What you need to do: Images should be omitted while the rest of the data is duplicated exactly.

Given data:
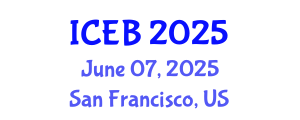 International Conference on Ecosystems and Biodiversity (ICEB) June 07, 2025 - San Francisco, United States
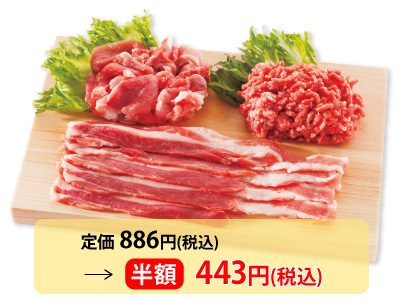 【BB半額!】冷凍大地うまみこい豚とりあえずの豚肉セット写真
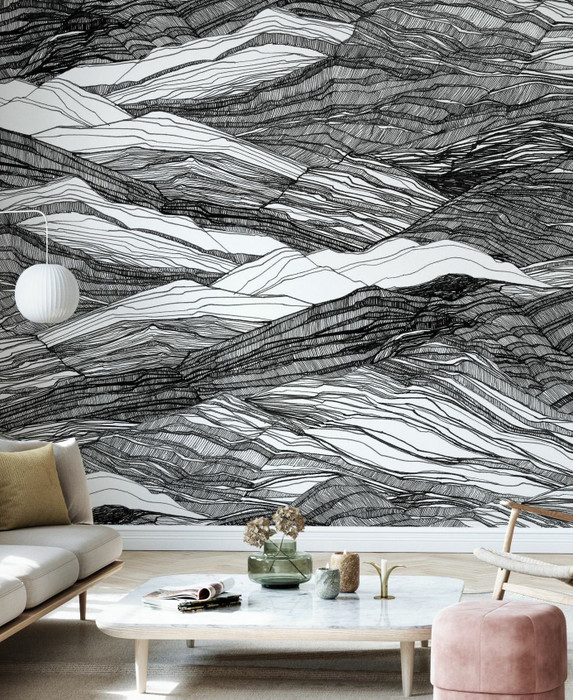 Mural - Duna Large Monochrome (Per Sqm)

Result below:
 International Conference on Ecosystems and Biodiversity (ICEB) June 07, 2025 - San Francisco, United States
 【BB半額!】冷凍大地うまみこい豚とりあえずの豚肉セット写真
 Mural - Duna Large Monochrome (Per Sqm)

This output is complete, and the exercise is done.